Noutra noite, você acabou se abrindo. Fomos comer pizza e, mais que fatias, nós dividimos histórias. Talvez você imaginasse o quanto eu amo histórias, mas naquela noite, eu amei o fato de você ter aberto o seu próprio livro pra mim. E eu olhei nos seus olhos enquanto você falava das suas mágoas. Eu senti o pesar quando você me mostrou a sua dor. E eu te abraçei quando você se mostrou vulnerável, me dizendo que precisava ser forte.

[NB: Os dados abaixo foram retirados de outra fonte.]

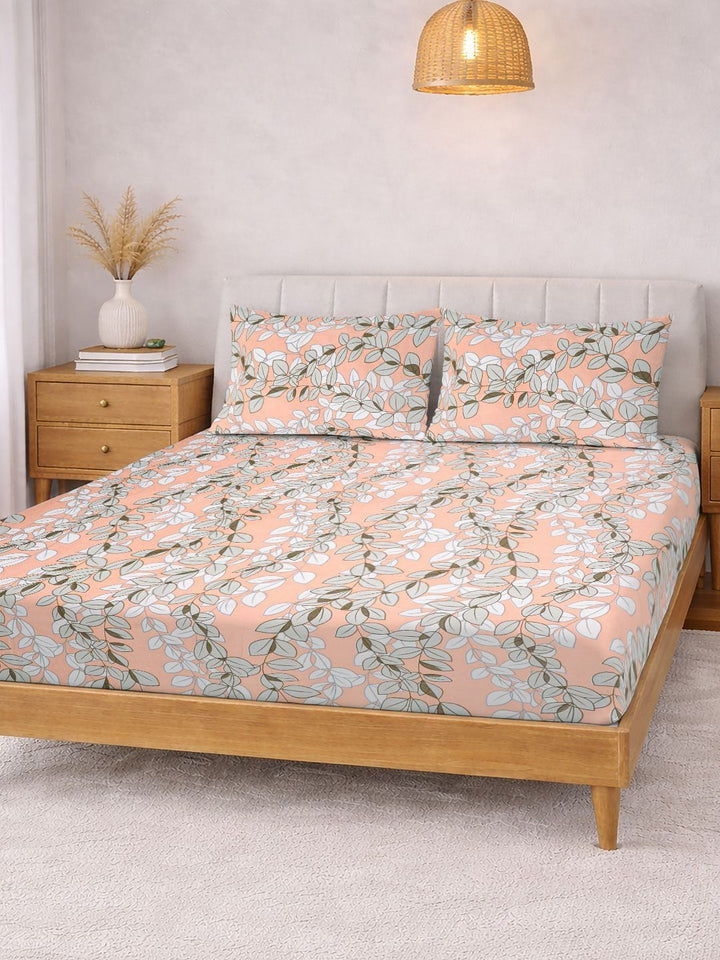 KLOTTHE Orange Floral Printed 300 TC King Bedsheets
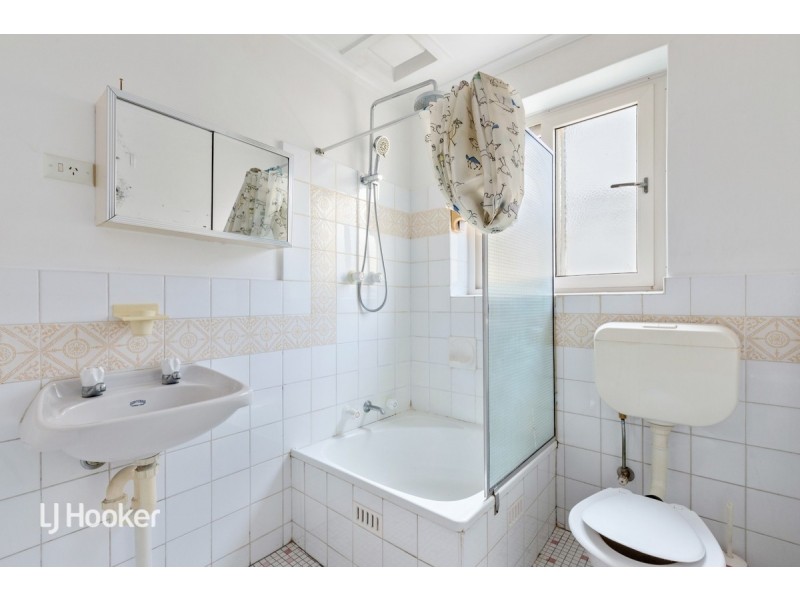 2/52 North Esplanade, Glenelg North SA 5045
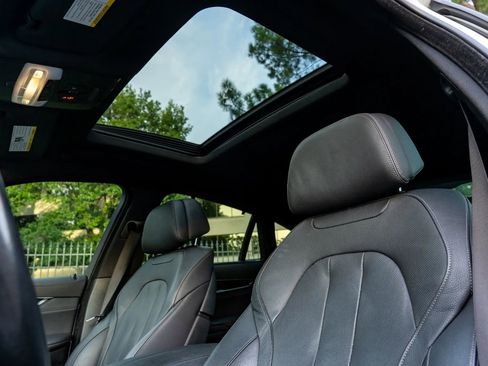 Used 2017 BMW X6 sDrive35i image 2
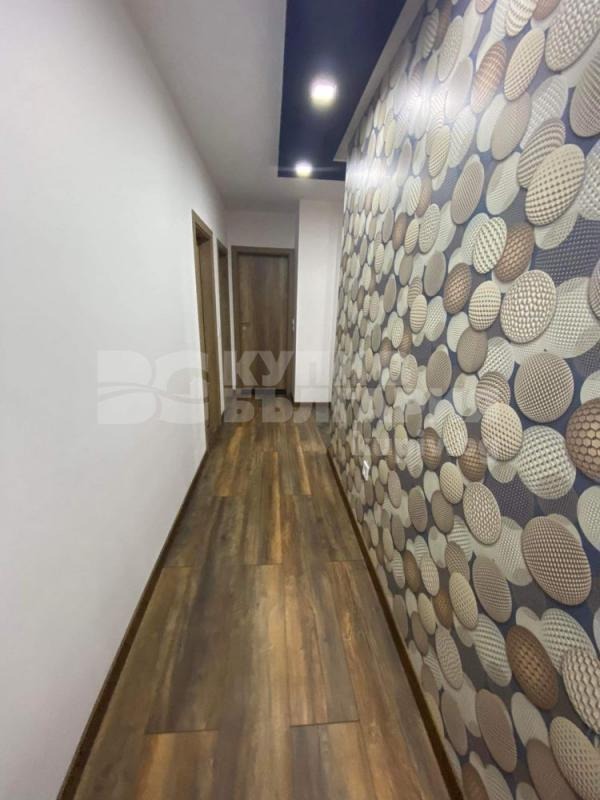Продава 3-СТАЕН, гр. Варна, Възраждане 3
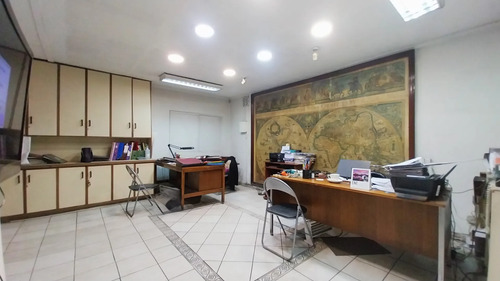 Arriendo Oficina Comercial Varios Usos Cocina Baños Santiago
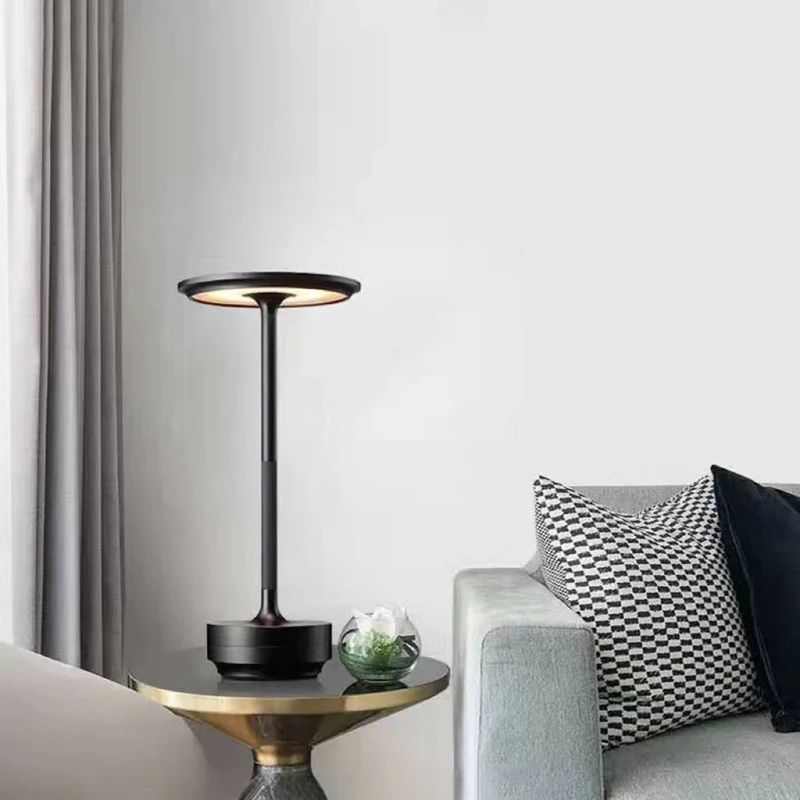 Moderne Minimalistische Tischlampe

E você é forte. E eu nunca duvidei.
Em algum momento você começou a ficar com todos, eu comecei a ficar com o restante e quando dei por mim, estávamos afastados de perto. Acho que beijamos algumas das mesmas bocas – que não as nossas -, e até isso de uma forma bizarra aproximava a gente.
Nós entendemos a necessidade de estar com mais alguém, e embora eu nunca tivesse acreditado nisso, eu sempre soube que você iria mas voltaria para mim. Eu também ia e voltava e lá estava você, e talvez isso seja amor. Talvez fosse compreensão. Mas você sabia ser lar, mesmo quando eu visitava tantas salas vazias.
De qualquer forma, é claro que um dia o nosso fim acabou, se nem os dinossauros viveram para sempre, quiçá o universo viverá, como esperar isso de nós dois?
Você acabou sendo o responsável por me provar errado em várias coisas: o tanto que eu não acreditava e você, dia após dia, me mandou olhar melhor para tudo ao meu redor e compreender que as coisas não são como ensinam na escola. Ou nos filmes. Ou nas séries.
Ou seja lá no que se aprende hoje.
Você me mostrou que as pessoas, os relacionamentos, os cafés da manhã e o verbo “estar” são muito mais do que se vê por aí. Nenhuma lagoa é só superfície e nenhum mar só onda. Se boiamos ou afundamos, depende de como enfrentamos o que vem.
Você disse que me ama e eu te pergunto o que é amor para você, porque nós estivemos juntos depois de tanto tempo e eu não soube o que pensar. O cenário não era o mesmo mas você era. Eu era. Nós éramos reais e eu esperava mais, sem querer. Eu deveria saber que você voltaria para me mostrar que as coisas não são como eu acredito, e você fez isso.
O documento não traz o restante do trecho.